Understanding the pathogenesis of these infections is of crucial importance for the development of new tools for the prevention and control of C. perfringens-related diseases. Genetic modification is a valuable approach to identify new virulence factors and to study their role in the pathogenesis of C. perfringens.

Since the 1980s, several tools for manipulation of C. perfringens at the molecular level have been developed (1, 5, 28, 35, 38). Among these tools, transposon mutagenesis is a method that is widely used for identification of virulence genes. Until now, the only reproducible method for transposon mutagenesis in C. perfringens was based on Tn916, a tetracycline resistance-encoding conjugative transposon originally isolated from Enterococcus faecalis (10, 11, 13). Tn916 has been used extensively for transposon mutagenesis due to its broad host range and has been proven to be valuable for the identification of genes in C. perfringens (3, 7, 22). Nevertheless, this method has major disadvantages; multiple Tn916 insertion events occur with an incidence of 65% to 75%, severely complicating identification of genes responsible for phenotype changes (3, 7, 19). Furthermore, Tn916 is still active after insertion, resulting in unstable mutants (6, 39, 42).
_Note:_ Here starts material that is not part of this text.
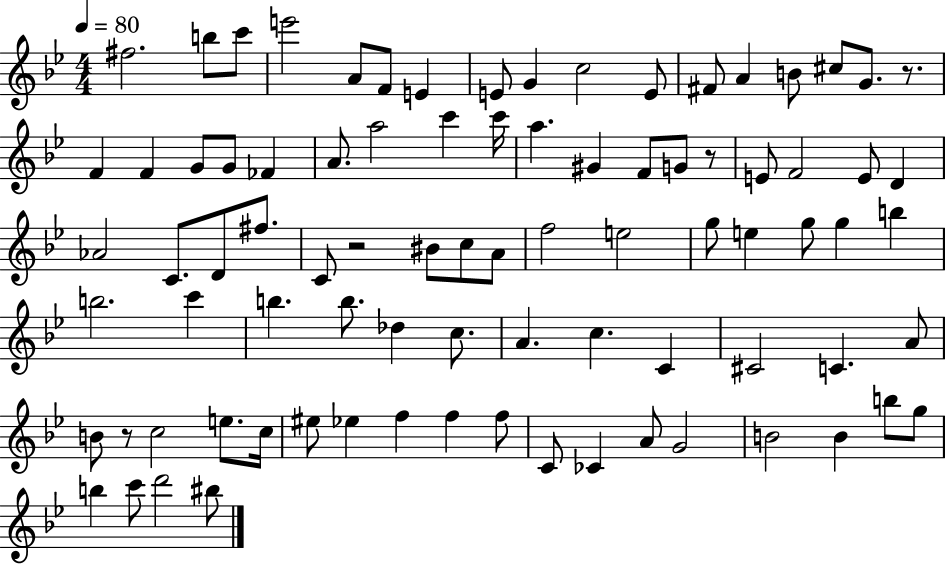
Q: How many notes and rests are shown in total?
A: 85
To our knowledge, generation of Tn916-derived transposon mutants in C. perfringens field strains has never been described.
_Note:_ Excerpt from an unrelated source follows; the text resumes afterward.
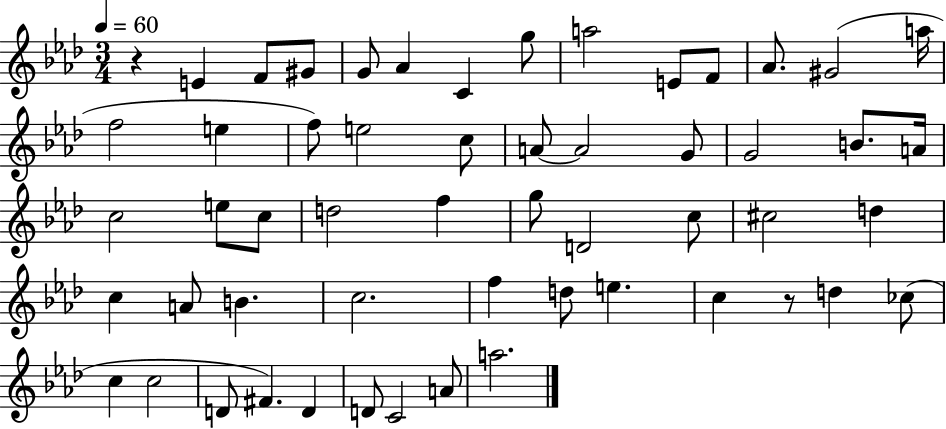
R/q E4/q F4/e G#4/e G4/e Ab4/q C4/q G5/e A5/h E4/e F4/e Ab4/e. G#4/h A5/s F5/h E5/q F5/e E5/h C5/e A4/e A4/h G4/e G4/h B4/e. A4/s C5/h E5/e C5/e D5/h F5/q G5/e D4/h C5/e C#5/h D5/q C5/q A4/e B4/q. C5/h. F5/q D5/e E5/q. C5/q R/e D5/q CES5/e C5/q C5/h D4/e F#4/q. D4/q D4/e C4/h A4/e A5/h.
Although a variety of transposon mutagenesis methods are available for gram-positive bacteria (4, 37, 41, 43), the inherent species nonspecificity, as well as the lack of mobility of the integrated transposon, makes the bacteriophage Mu-based transposon delivery system a system of choice for a variety of species (16, 26, 46). The Mu transposition approach includes in vitro assembly of a complex between the transposon DNA and the transposase enzyme, the transpososome, followed by delivery of the transpososome into the recipient cells. Once inside a cell, the Mu transpososome becomes activated in the presence of divalent cations, resulting in genomic integration of the delivered transposon. The bacteriophage Mu transposition system is also functional in vitro (15, 32, 33), in contrast to the Tn916 mutagenesis strategy, which is restricted to transposon mobilization in vivo following conjugation or electroporation. Under the optimal in vitro conditions, the Mu transposition reaction requires only the MuA transposase, a mini-Mu transposon, and target DNA as macromolecular components (15).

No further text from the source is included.